My friend Sagra was there to meet us in Santiago. She grew up in the city and after a coffee and orange juice she showed us around the city pointing out key sites, guiding us to cozy little shops and explaining how the Galicians clearly helped create what we now call mass tourism. with the creation of the silver pilgrimage. A quick stop at the ceramic shop in Sargadelos was good to stock up on locally made gifts, while a round of beer and wine at the modernist Café Bar El Muelle smelled more São Paulo than I expected. expected from Santiago. So far, so surprising.
We said goodbye to Sagra, jumped in our car and drove to Corrubedo to visit our friends Evelyn and David. Along the way, a flurry of text messages diverted our trip and Evelyn suggested a visit to the factory of Galician fashion brand D-due. As we had already presented the company in Konfekt, I was somewhat familiar with their silhouettes and their commitment to fabric innovation, but the immaculate factory, the quality of the collection and the fact that over 80% of D-due’s sales are in Japan have been a revelation. It was also an introductory explanation of why Galicia also gave birth to much bigger players, such as Inditex and Adolfo Domínguez, and why the region is one of those corners of Europe which still has the capacity to make a little bit of everything – cars, ships, good beer, excellent wine, furniture and leather bags for the likes of Loewe.
After our factory tour, we entered the fog bank that had enveloped Corrubedo, changed into bathing suits, and took a long walk on the beach. Along the way, David offered a comprehensive socio-economic and geopolitical briefing on Galicia. As the sun tried to break through, David explained the ambitions and opportunities of this unique corner of Europe. Was he selling me real estate or was he just laying out his hopes for this determined and self-sufficient part of Spain? By the time we got home, I had a better idea of what the area was rocking and suddenly felt that another 48 hours wasn’t going to be enough to fully master the other major cities, let alone the city. inside. .
The next morning we headed to La Coruña, home to Inditex and thousands of young Spaniards who want to work in the fashion industry, while enjoying the beach life. The city has a presence and sense of scale that was a little surprising – in the most positive way.
I had never heard of Sanxenxo but there it was on road signs and GPS. Our destination was the beach house in Sagra, and as the miles ticked by and the road meandered along the coast, I remembered being in Santa Barbara, leafier suburbs north of Auckland or parts of Sydney. Sagra has one of those setups (dogs, kids, parents, rosé, and a hiking house) that immediately puts you at ease. The reappearance of the sun sent us down to the beach a few minutes after unpacking.

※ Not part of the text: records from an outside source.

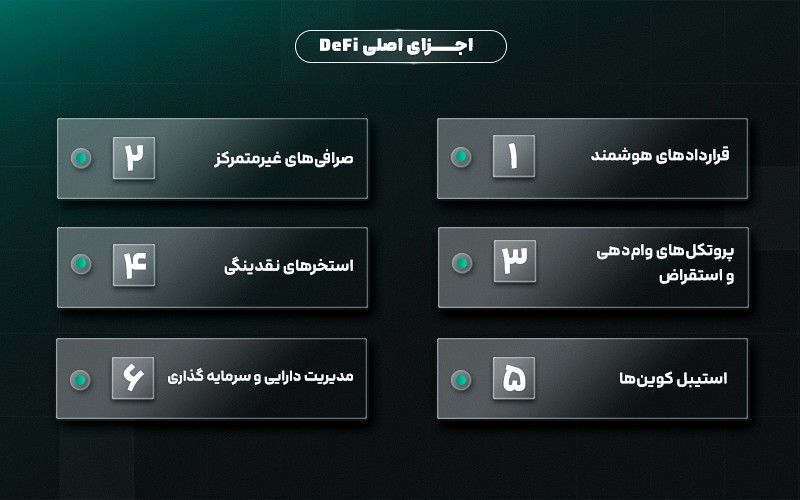 اجزای اصلی DeFi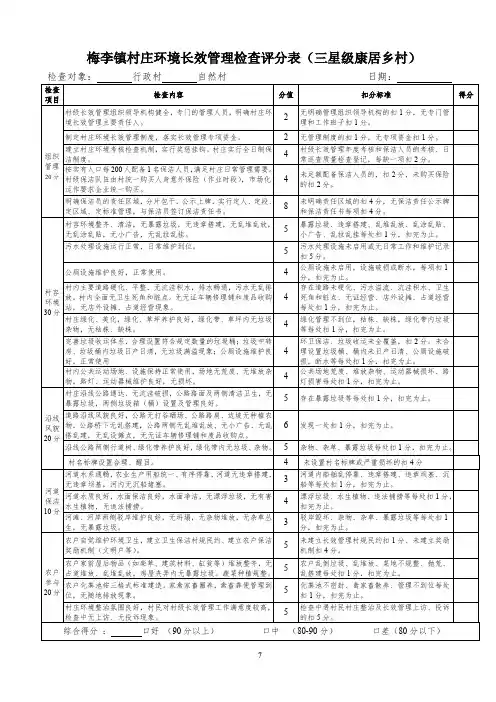 苏州市村庄环境长效管理检查评分表(三星级康居乡村)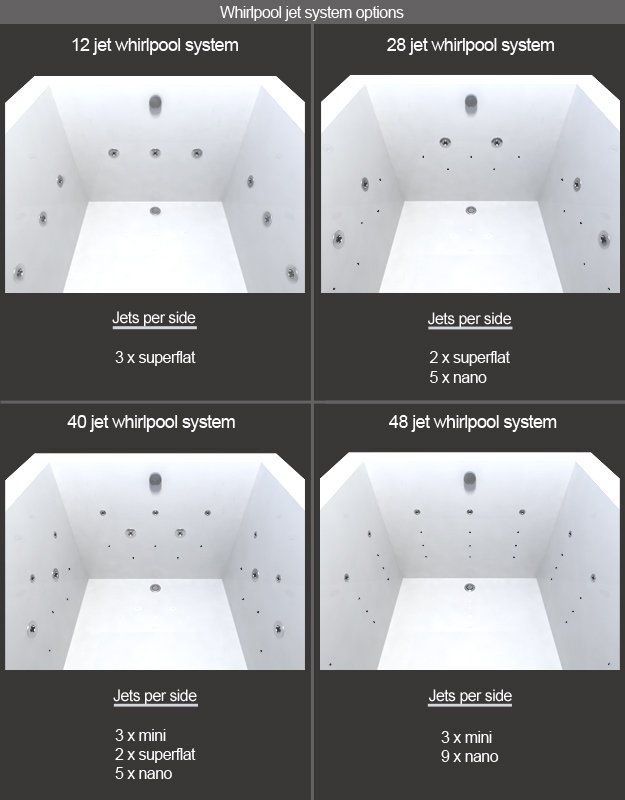 Whirlpool Jet System Options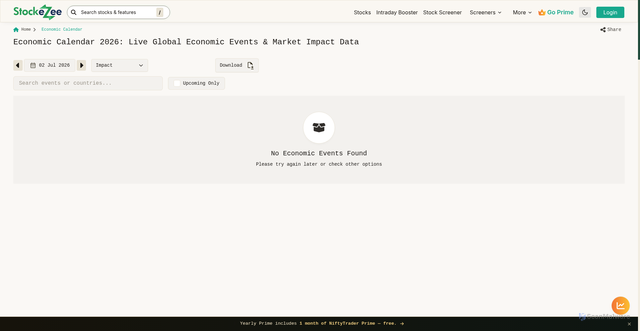 Security scan screenshot of https://www.stockezee.com/economic-calendar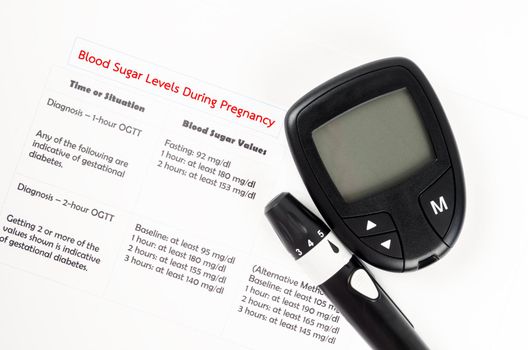 The diabetic measurement On Blood Glucose Level During Pregnancy. Medical concepts.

Vigo. Wow! We did a story in Monocle fairly recently but, to be honest, we didn’t do it justice. It is often ranked as the Spanish city with the best quality of life but also the rainiest days. I was completely taken from the moment we parked by the beach for lunch and then drove into town to admire brutalist apartments, 1950s office buildings and grand boulevards. It’s one of those places that makes you look up at lush balconies and wonder what these families do for a living, what their weekends are like, and how you might decorate a sprawling 300 sq. 1960s.
Don’t be surprised if you start to see a little more Galicia on our pages over the next few months.